On March 2, Ukraine’s National Bank announced a reduction in the official exchange rates for both the dollar and the euro. The euro has once again dropped below the psychological threshold of 51 hryvnias, while the dollar approaches 43 hryvnias.

Key Updates:

  • Exchange Rates for March 2: The National Bank has set the official dollar rate at 43.09 hryvnias, a decrease of 11 kopecks. The euro’s official rate is now 50.86 hryvnias, down 16 kopecks.
  • Delayed Obligations: Joining the EU does not mean an immediate switch to the euro.
  • Criteria for Transition: To adopt the euro, Ukraine must ensure price stability, sound public finances, and stable interest rates and exchange rates.
  • Experience of Other Countries: Poland, the Czech Republic, and Hungary still use their own currencies, as the transition to the euro is voluntary.
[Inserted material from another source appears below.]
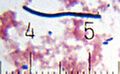 Thumbnail for version as of 02:07, 7 June 2026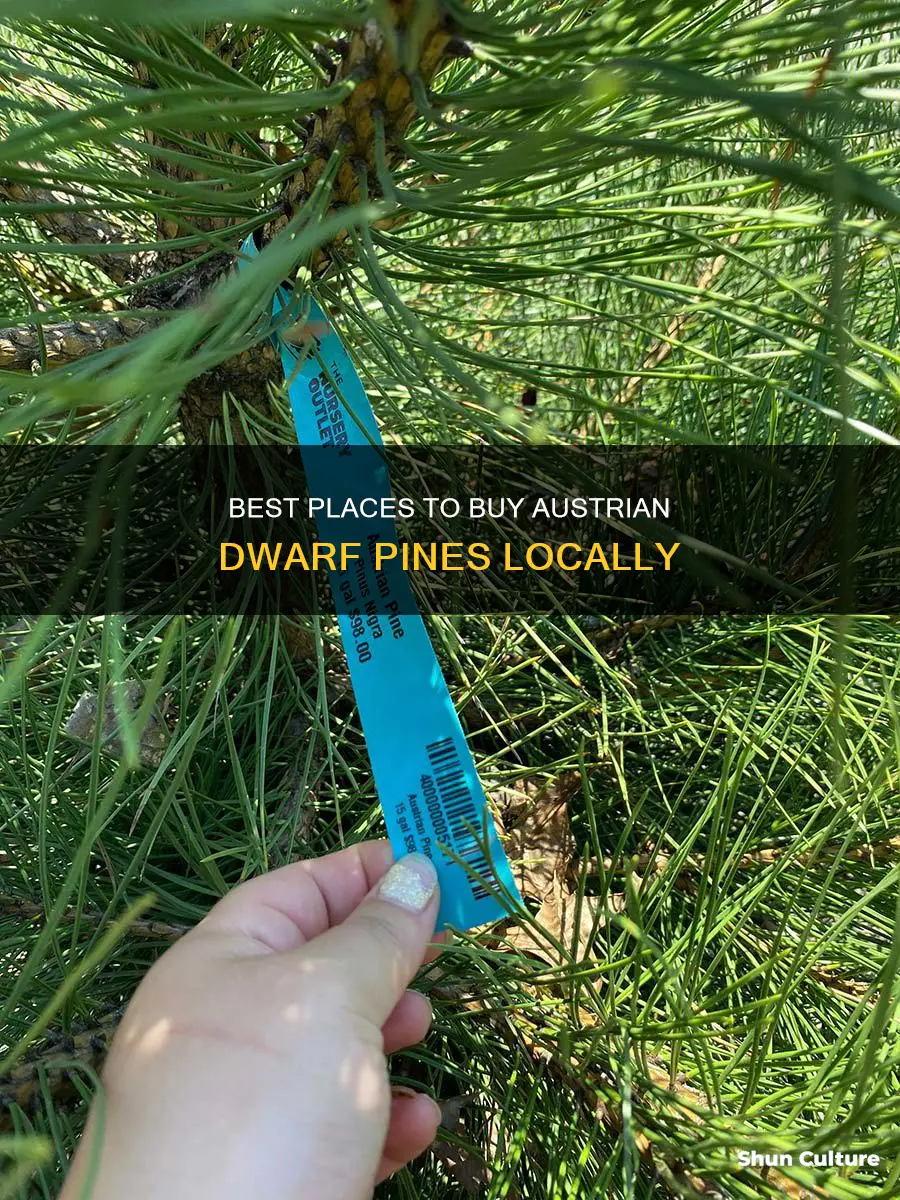 where to buy austrian dwarf pine near zip 07856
The National Bank’s official dollar rate for March 2 is set at 43.09 hryvnias, reflecting a decline of 11 kopecks from the previous day.

Meanwhile, the euro has fallen below 51 hryvnias again. The official rate for the euro on March 2 is 50.86 hryvnias, which is 16 kopecks lower than before.

Image: Currency rates for March 2 (infographic by RBC-Ukraine)

In a recent column for RBC-Ukraine, Deputy Head of the National Bank, Volodymyr Lepushynskyi, emphasized that EU membership is a realistic goal for Ukraine.

This has led to increasing public discourse about whether Ukraine should adopt the euro alongside its EU membership and the urgency of such a move.

Lepushynskyi noted that while Ukraine will have obligations to join the eurozone after EU accession, this transition will not happen immediately.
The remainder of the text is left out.